On the commodity front, oil, which has been suffering from the SPR release story, seems to have absorbed that risk and after rebounding yesterday is flat this morning. While still below $80/bbl, my sense is this has further to run higher. NatGas (-0.25%) is a touch lower in the US as is gold (-0.1%). However, the industrial metals are performing far better (Cu +0.7%, Al +0.7%, Sn +0.4%).
Lastly, the dollar is generally having a good day again, as risk appetite wanes. NZD (-0.6%) is the weakest G10 currency after the market was disappointed in their actions last night, only raising the base rate by 0.25% while the whisper number was 0.5%. SEK (-0.4%) is the next laggard, with the krona continuing to suffer on the view that the Riksbank will remain reluctant to tighten policy at all in the face of actions by the Fed and potentially the BOE. The rest of the bloc is generally softer with only the haven, JPY (+0.1%), showing any strength.
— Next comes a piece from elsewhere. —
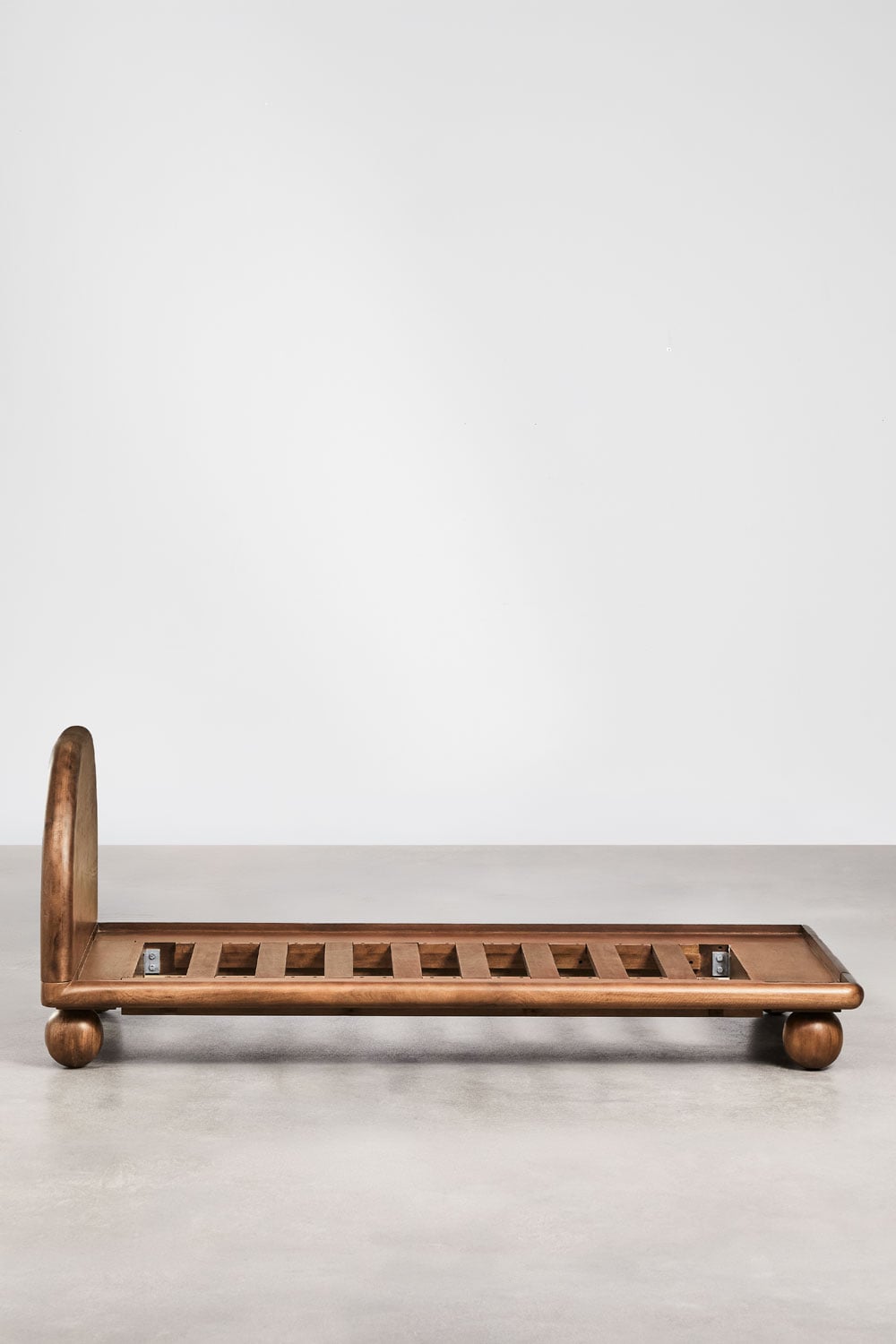 Bicheno mango wood bed, gallery image 2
In the EMG space, we need to look away from TRY (+5.6%) which is retracing some of yesterday’s remarkable decline, as it is destined for extreme volatility in the near future. But elsewhere, there is actually a mixed result with BRL (+0.6%) and PHP (+0.5%) leading the gainers while THB (-0.7%) and RUB (-0.3%) lag the space. The real is benefitting from the central bank announcement it will be auctioning off 14K contracts in the FX markets, part of their intervention process, while the Philippine peso has benefitted from further investment inflows to the local stock market. On the flipside, the baht seems to be suffering from concerns that the lockdowns in Europe will reduce tourism there during the high season, while the ruble continues to suffer from concerns over potential military activity and the further negative impacts of sanctions that could follow.
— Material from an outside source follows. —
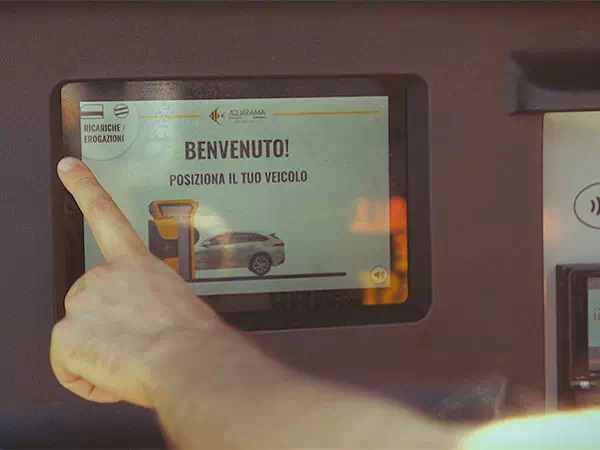 Display-di-selezione-trattamenti-per-autolavaggio-moderno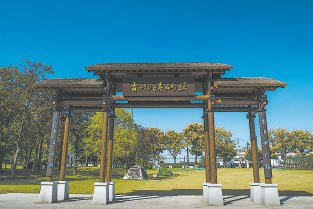 扬州的古邗沟是中国有史料记载的最早运河，图为古邗沟码头遗址。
Given tomorrow’s Thanksgiving holiday, all the rest of the week’s data will be released today:
|Core PCE||0.4% (4.1% Y/Y)|
|New Home Sales||800K|
As the GDP data is a revision, it will not garner much attention. Rather, all eyes will be focused on Core PCE, as if recent form holds, it will print higher than expectations, further forcing the Fed debate. And of course, the Minutes will be parsed intently as traders try to divine just how quickly things may change next month, especially since Chairman Powell and Governor Brainerd have both been clear that inflation is their primary concern now.
At this point, there is nothing to stand in the way of the dollar and I expect that it will continue to grind higher for a while. The hallmark of the move so far this month, where the single currency has fallen 3.0%, is that it has been remarkably steady with a majority of sessions showing modest declines. That pattern seems likely to continue for now unless there is a change from either the Fed or the ECB, neither of which seems likely. Hedge accordingly.
Have a wonderful Thanksgiving holiday and poetry will return on Monday November 29th.